Editor’s Note: This is a piece I wrote some months ago for a publication that ended up ghosting me after we worked together on a final draft. First time that’s happened. I’ve been too immersed in our ongoing constitutional collapse to figure that all out and get this posted.
But even during times of crisis, technological progress can still continue, as it did during cataclysms like the Great Depression and World War II, and it’s worth reminding ourselves of that. As you will see, this story is also closely connected to our current policy on immigration.
Between when I wrote this and now, John Deere did a big unveiling of its autonomous vehicles at the 2025 Consumer Electronics Show. See an update about that here.—RWT
There has been a lot of talk in the tech world for the last decade about the need to innovate with atoms instead of bits. But what about dirt?

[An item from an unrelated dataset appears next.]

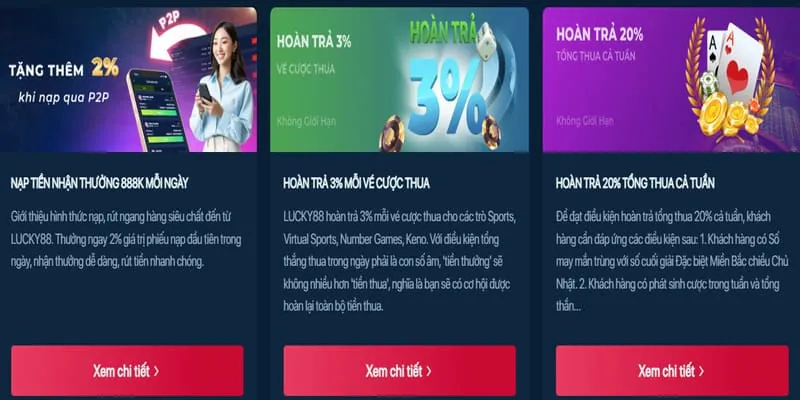 Cá cược thể thao VE88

The technology industry tends to be dominated by college-educated urbanites who think in terms of what can be done with a microprocessor. There has been a recent push to apply more innovation to the gritty world of heavy industry. But less attention has been paid to technological progress in agriculture. After all, if heavy industry seems like the world of our 20th Century past, agriculture seems like the world of the 19th Century.
Yet new technology is already transforming how our food is grown, and without much fanfare, agritech has been advancing at least as quickly as other more attention-grabbing innovations.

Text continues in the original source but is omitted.